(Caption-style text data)
______
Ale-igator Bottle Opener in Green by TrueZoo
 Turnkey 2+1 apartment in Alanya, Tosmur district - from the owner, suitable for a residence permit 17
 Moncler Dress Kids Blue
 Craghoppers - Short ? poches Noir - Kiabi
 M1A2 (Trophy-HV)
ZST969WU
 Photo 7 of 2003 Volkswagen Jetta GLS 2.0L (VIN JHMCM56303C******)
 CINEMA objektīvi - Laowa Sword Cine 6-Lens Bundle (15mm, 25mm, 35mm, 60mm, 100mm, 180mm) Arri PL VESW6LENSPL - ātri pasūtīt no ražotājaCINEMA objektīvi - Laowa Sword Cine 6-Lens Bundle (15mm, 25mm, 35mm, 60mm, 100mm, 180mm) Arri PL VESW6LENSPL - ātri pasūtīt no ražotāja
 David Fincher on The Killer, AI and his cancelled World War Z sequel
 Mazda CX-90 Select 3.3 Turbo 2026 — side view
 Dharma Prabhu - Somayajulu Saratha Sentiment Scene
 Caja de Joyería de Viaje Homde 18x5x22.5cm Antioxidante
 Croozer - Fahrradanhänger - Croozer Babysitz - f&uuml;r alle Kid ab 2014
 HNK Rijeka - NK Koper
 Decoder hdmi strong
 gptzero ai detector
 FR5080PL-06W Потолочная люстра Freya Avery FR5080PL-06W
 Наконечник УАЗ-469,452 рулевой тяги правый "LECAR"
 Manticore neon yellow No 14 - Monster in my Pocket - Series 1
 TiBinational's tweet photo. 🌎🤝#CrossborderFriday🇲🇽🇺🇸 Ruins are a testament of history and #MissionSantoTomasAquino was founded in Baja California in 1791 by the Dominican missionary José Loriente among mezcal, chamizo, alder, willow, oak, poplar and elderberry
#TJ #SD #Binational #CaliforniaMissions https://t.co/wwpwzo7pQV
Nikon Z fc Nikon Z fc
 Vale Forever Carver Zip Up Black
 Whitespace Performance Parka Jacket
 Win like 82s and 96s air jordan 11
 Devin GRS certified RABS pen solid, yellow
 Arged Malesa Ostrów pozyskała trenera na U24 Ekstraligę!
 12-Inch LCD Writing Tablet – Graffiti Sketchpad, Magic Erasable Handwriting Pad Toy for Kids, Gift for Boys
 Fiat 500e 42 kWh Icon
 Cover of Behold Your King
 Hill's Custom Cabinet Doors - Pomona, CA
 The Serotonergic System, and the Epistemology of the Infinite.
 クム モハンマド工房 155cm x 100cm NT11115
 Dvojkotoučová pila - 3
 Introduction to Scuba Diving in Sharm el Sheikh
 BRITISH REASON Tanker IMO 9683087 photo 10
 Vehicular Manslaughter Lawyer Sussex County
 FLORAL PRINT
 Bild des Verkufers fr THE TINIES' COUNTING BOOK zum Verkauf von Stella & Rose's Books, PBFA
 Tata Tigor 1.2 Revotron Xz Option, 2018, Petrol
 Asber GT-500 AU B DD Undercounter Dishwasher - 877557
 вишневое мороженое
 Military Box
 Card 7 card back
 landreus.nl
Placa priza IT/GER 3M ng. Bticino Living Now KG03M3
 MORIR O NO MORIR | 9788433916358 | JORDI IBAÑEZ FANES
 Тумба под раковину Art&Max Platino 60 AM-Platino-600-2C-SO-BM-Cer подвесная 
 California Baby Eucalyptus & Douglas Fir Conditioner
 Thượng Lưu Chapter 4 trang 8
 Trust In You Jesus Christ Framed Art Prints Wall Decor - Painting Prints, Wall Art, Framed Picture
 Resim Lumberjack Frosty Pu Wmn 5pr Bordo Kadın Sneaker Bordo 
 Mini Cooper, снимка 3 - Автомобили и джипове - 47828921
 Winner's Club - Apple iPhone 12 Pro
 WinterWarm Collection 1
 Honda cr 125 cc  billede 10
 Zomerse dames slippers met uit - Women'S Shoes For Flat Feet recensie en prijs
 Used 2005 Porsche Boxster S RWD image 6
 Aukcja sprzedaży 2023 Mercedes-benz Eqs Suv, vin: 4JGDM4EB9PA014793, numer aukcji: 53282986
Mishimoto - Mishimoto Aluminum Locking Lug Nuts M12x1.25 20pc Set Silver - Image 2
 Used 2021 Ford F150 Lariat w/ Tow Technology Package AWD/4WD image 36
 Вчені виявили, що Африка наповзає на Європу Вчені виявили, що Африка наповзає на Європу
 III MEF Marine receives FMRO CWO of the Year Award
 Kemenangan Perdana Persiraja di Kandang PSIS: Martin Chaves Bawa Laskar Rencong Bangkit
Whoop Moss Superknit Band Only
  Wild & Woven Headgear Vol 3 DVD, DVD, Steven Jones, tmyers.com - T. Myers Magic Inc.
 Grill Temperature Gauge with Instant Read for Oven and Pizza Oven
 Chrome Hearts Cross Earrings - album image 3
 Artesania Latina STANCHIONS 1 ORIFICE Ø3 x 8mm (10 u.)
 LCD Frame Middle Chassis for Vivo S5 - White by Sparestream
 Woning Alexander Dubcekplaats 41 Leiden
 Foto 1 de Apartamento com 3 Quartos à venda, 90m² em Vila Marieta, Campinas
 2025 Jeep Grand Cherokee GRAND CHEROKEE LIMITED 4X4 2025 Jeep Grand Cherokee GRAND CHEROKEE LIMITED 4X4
______
**ABOUT THIS TASK**
Out of the data above, give again only the lines starting at the one holding "#TJ #SD #Binational" and ending at the one holding "Arged Malesa Ostrów", unchanged.

**WRITTEN ANSWER**
#TJ #SD #Binational #CaliforniaMissions https://t.co/wwpwzo7pQV
Nikon Z fc Nikon Z fc
 Vale Forever Carver Zip Up Black
 Whitespace Performance Parka Jacket
 Win like 82s and 96s air jordan 11
 Devin GRS certified RABS pen solid, yellow
 Arged Malesa Ostrów pozyskała trenera na U24 Ekstraligę!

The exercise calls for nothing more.